These new regulations are intended to plug that legal lacuna.
What to expect
Among the proposed changes:
Exchanges control regulations are replaced with a new capital flow management framework intended to move away from preapprovals for foreign transactions to a risk-based model focused on reporting and surveillance of high impact and high risk cross-border transactions, and the combatting of illicit financial flows.
Crypto as capital: The definitions specifically include crypto assets or any intellectual property with monetary value which can be converted to money (but not immovable except property). This supposedly ends the debate as to whether BTC is currency or capital.
Crypto asset regulation: A new concept called “authorised crypto asset service providers” is introduced. These are licensed under the Financial Intelligence Centre Act, authorised by National Treasury, to facilitate import and export of capital, directly or indirectly using crypto assets.
Increased penalties: Anyone violating the regulations is liable to a fine of R1 million, imprisonment of five years, or both. Penalties can go higher where the offence relates to money, crypto assets or property.
Declaration of foreign assets: Anyone in SA must declare foreign and crypto assets within 30 days of obtaining control or possession, or even if they become entitled to sell or transfer these assets.
Restrictions on non-resident securities: As this primer from ENS makes clear, the draft regulations propose clearer definitions of “controlled security” and “non-resident”. Specific permissions from National Treasury or an authorised person would remain required for activities such as acting as nominee for non-residents or making entries in securities registers involving non-residents.
Objections
Members of the bitcoin community have already taken a cleaver to the proposed regulations, pointing to a potential legal confrontation if the regulations pass in their current form.

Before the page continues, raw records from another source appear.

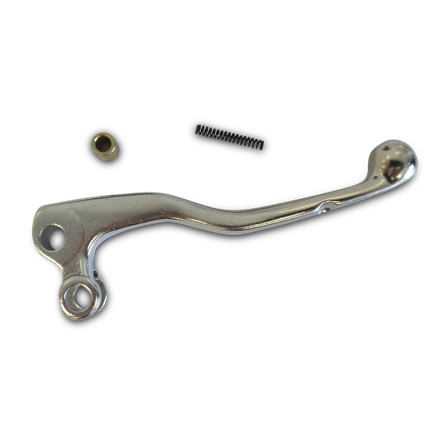 Dźwignia Sprzęgła RFX Sport - Husqvarna TC 250F 2004-2008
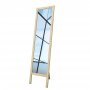 HANAH HOME Ogledalo EF102 2375 - slika 3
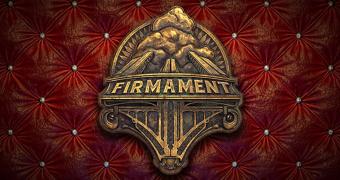 Firmament Review (PC)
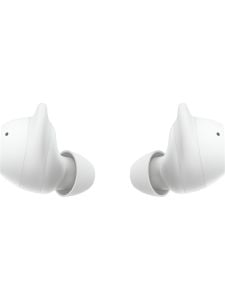 Samsung Galaxy Buds FE TWS Beyaz Kulak İçi Bluetooth Kulaklık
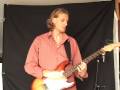 videos de Torture Me Red Hot Chili Peppers Performed by JcVenice (RHCP Stadium Arcadium)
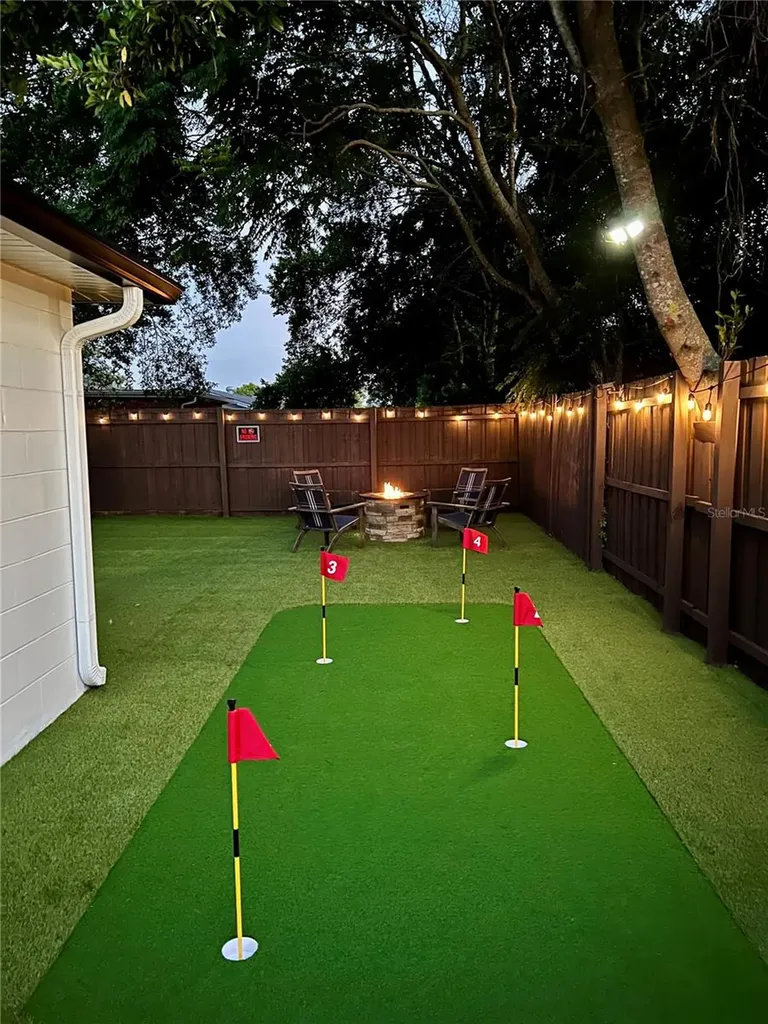 11211 Meadow Drive Port Richey FL 34668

There is nothing stopping a border agent detaining a South African on suspicion of holding a BTC seed phrase in their head and demanding it be handed over.

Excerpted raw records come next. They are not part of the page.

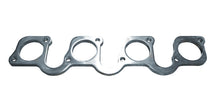 Load image into Gallery viewer, Kooks SB Ford 2in SS Yates Flange (Bank) Flanges Kooks Headers
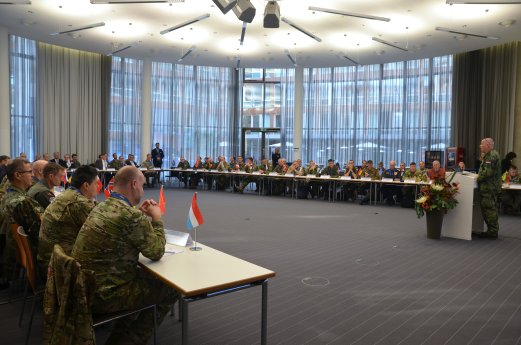 IABG_NATO_MC_Visit_20251105_a.JPG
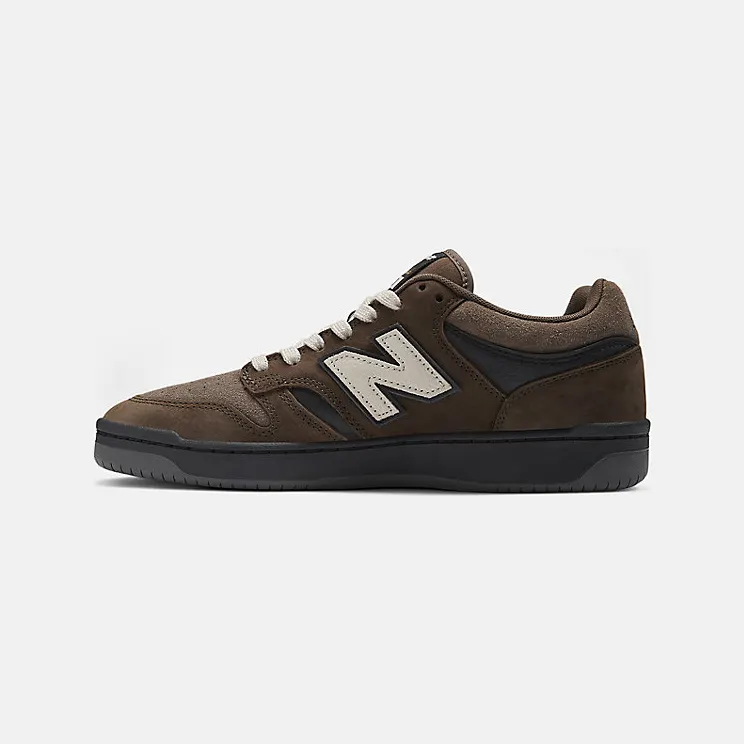 new-balance-480 NM480BOS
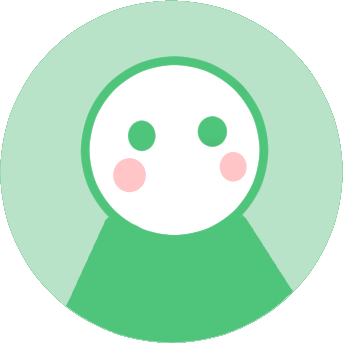 기본 프로필 사진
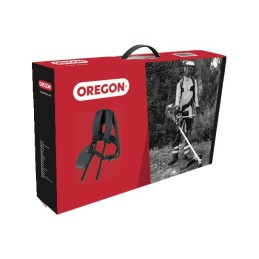 HARNAIS DE DÉBROUSSAILLEUSE PROFESSIONNEL OREGON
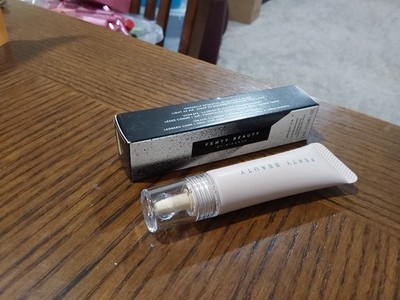 Fenty Beauty By Rihanna~Bright Fix ~ Eye Brightener ~ #05 ''BUTTER'' NIB!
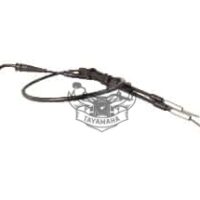 tres rare cable d'accelerateur TDR250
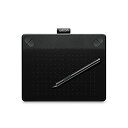 【中古】ワコム Intuos Photo 【旧モデル】ペン&タッチ 写真画像編集用モデル Sサイズ ブラック CTH-490/K2【メーカー名】Wacom(ワコム)【メーカー型番】CTH-490/K2【ブランド名】Wacom(ワコム)【商品説明】ワコム Intuos Photo 【旧モデル】ペン&タッチ 写真画像編集用モデル Sサイズ ブラック CTH-490/K2当店では初期不良に限り、商品到着から7日間は返品を 受付けております。他モールとの併売品の為、完売の際はご連絡致しますのでご了承ください。中古品の商品タイトルに「限定」「初回」「保証」などの表記がありましても、特典・付属品・保証等は付いておりません。品名に【import】【輸入】【北米】【海外】等の国内商品でないと把握できる表記商品について国内のDVDプレイヤー、ゲーム機で稼働しない場合がございます。予めご了承の上、購入ください。掲載と付属品が異なる場合は確認のご連絡をさせていただきます。ご注文からお届けまで1、ご注文⇒ご注文は24時間受け付けております。2、注文確認⇒ご注文後、当店から注文確認メールを送信します。3、お届けまで3〜10営業日程度とお考えください。4、入金確認⇒前払い決済をご選択の場合、ご入金確認後、配送手配を致します。5、出荷⇒配送準備が整い次第、出荷致します。配送業者、追跡番号等の詳細をメール送信致します。6、到着⇒出荷後、1〜3日後に商品が到着します。　※離島、北海道、九州、沖縄は遅れる場合がございます。予めご了承下さい。お電話でのお問合せは少人数で運営の為受け付けておりませんので、メールにてお問合せお願い致します。営業時間　月〜金　11:00〜17:00お客様都合によるご注文後のキャンセル・返品はお受けしておりませんのでご了承ください。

The regulations are far too inclusive, says macro strategist Shiven Moodley: “It treats payment stablecoins, governance tokens, tokenised securities, tokenised debt, tokenised fund interests, utility tokens, and crypto collateral as though they are one regulatory object merely because they use distributed ledger technology. The definition is built around form, not function.”
This broad brush approach to regulation creates legal uncertainty and may accidentally misclassify instruments that should be regarded as “securities”, or other recognised property rights, adds Moodley.
“This matters because the same instrument can have more than one legal character. A tokenised share is not merely a ‘crypto asset’. It is also evidence of rights in an issuer.”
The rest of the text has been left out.